=== Section Start ===

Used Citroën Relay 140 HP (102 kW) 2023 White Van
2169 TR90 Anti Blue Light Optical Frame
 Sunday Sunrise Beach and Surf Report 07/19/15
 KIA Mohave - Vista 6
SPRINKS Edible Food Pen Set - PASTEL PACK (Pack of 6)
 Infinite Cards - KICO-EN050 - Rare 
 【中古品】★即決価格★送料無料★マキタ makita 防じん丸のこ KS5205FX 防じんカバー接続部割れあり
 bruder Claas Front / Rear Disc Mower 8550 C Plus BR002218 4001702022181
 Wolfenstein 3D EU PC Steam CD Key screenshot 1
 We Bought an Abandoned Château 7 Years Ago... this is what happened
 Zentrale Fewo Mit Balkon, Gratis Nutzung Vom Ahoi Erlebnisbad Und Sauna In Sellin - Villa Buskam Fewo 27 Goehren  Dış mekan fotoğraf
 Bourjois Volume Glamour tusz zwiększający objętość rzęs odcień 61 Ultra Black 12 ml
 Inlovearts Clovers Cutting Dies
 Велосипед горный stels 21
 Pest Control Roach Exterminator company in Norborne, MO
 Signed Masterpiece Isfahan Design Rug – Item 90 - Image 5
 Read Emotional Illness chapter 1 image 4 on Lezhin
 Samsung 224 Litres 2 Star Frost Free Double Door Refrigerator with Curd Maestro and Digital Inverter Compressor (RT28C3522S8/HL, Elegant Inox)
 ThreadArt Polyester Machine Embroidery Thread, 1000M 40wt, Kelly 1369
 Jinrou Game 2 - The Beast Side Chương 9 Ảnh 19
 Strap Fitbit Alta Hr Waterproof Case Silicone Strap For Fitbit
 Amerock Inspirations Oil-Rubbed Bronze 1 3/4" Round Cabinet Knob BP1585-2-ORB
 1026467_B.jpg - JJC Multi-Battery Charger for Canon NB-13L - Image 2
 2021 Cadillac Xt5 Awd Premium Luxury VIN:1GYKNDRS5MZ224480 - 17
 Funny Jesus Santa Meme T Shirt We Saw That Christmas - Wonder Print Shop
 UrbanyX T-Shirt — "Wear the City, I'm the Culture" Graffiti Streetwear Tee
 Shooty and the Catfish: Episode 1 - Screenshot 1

=== Section End ===

=== Exercise goal ===
What is needed is a word-for-word restatement of all the data.

=== Answer ===
Used Citroën Relay 140 HP (102 kW) 2023 White Van
2169 TR90 Anti Blue Light Optical Frame
 Sunday Sunrise Beach and Surf Report 07/19/15
 KIA Mohave - Vista 6
SPRINKS Edible Food Pen Set - PASTEL PACK (Pack of 6)
 Infinite Cards - KICO-EN050 - Rare 
 【中古品】★即決価格★送料無料★マキタ makita 防じん丸のこ KS5205FX 防じんカバー接続部割れあり
 bruder Claas Front / Rear Disc Mower 8550 C Plus BR002218 4001702022181
 Wolfenstein 3D EU PC Steam CD Key screenshot 1
 We Bought an Abandoned Château 7 Years Ago... this is what happened
 Zentrale Fewo Mit Balkon, Gratis Nutzung Vom Ahoi Erlebnisbad Und Sauna In Sellin - Villa Buskam Fewo 27 Goehren  Dış mekan fotoğraf
 Bourjois Volume Glamour tusz zwiększający objętość rzęs odcień 61 Ultra Black 12 ml
 Inlovearts Clovers Cutting Dies
 Велосипед горный stels 21
 Pest Control Roach Exterminator company in Norborne, MO
 Signed Masterpiece Isfahan Design Rug – Item 90 - Image 5
 Read Emotional Illness chapter 1 image 4 on Lezhin
 Samsung 224 Litres 2 Star Frost Free Double Door Refrigerator with Curd Maestro and Digital Inverter Compressor (RT28C3522S8/HL, Elegant Inox)
 ThreadArt Polyester Machine Embroidery Thread, 1000M 40wt, Kelly 1369
 Jinrou Game 2 - The Beast Side Chương 9 Ảnh 19
 Strap Fitbit Alta Hr Waterproof Case Silicone Strap For Fitbit
 Amerock Inspirations Oil-Rubbed Bronze 1 3/4" Round Cabinet Knob BP1585-2-ORB
 1026467_B.jpg - JJC Multi-Battery Charger for Canon NB-13L - Image 2
 2021 Cadillac Xt5 Awd Premium Luxury VIN:1GYKNDRS5MZ224480 - 17
 Funny Jesus Santa Meme T Shirt We Saw That Christmas - Wonder Print Shop
 UrbanyX T-Shirt — "Wear the City, I'm the Culture" Graffiti Streetwear Tee
 Shooty and the Catfish: Episode 1 - Screenshot 1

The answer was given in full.